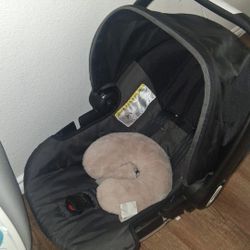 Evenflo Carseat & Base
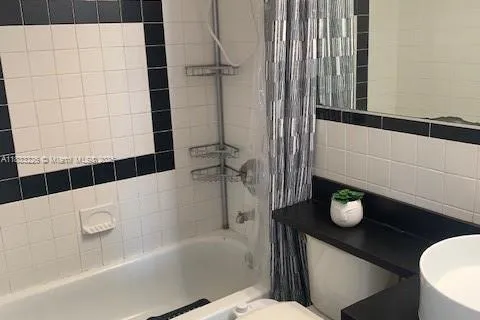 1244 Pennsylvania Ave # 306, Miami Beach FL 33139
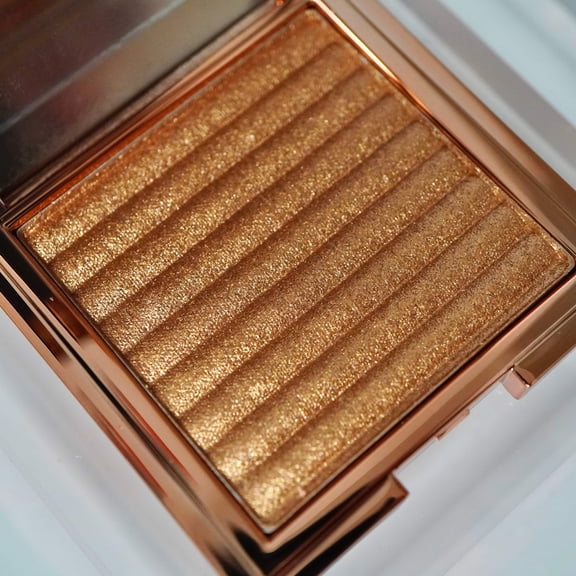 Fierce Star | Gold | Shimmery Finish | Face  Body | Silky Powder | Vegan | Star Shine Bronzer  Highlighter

---

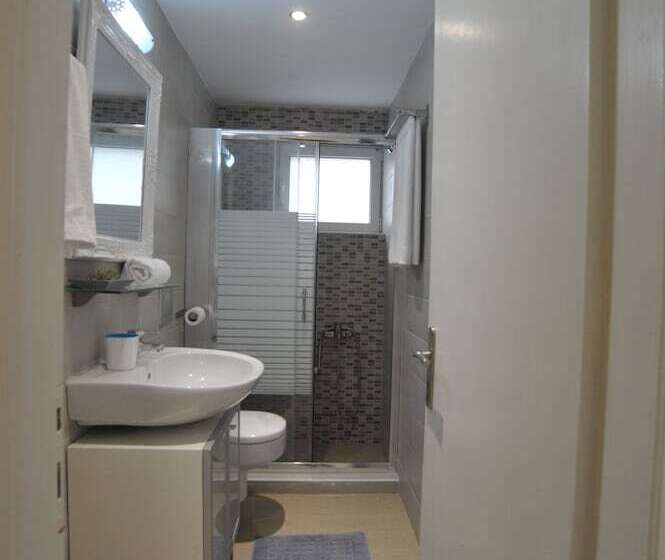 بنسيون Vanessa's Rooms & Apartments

--

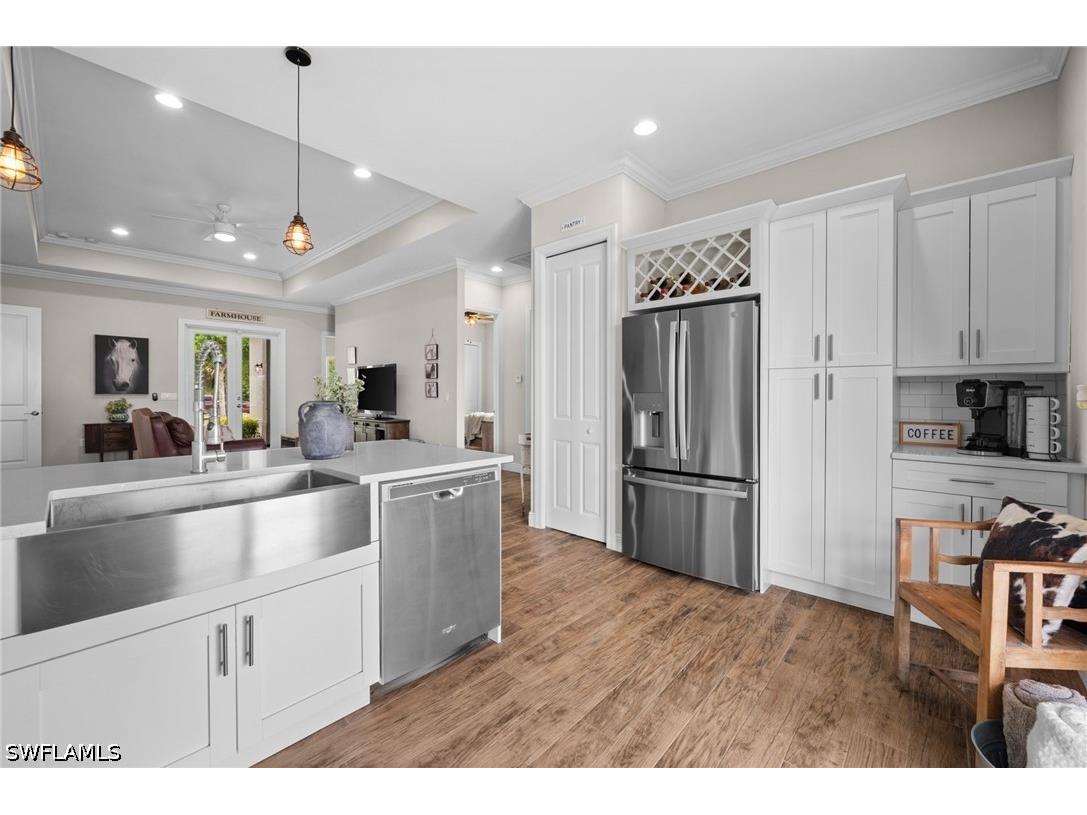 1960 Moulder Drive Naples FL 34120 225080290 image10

**Task instructions:**
The answer is those lines of the material above that run from the one containing "Evenflo Carseat & Base" up to and including the one containing "Fierce Star |", restated exactly and without images.

**Response to the task:**
 Evenflo Carseat & Base
 1244 Pennsylvania Ave # 306, Miami Beach FL 33139
 Fierce Star | Gold | Shimmery Finish | Face  Body | Silky Powder | Vegan | Star Shine Bronzer  Highlighter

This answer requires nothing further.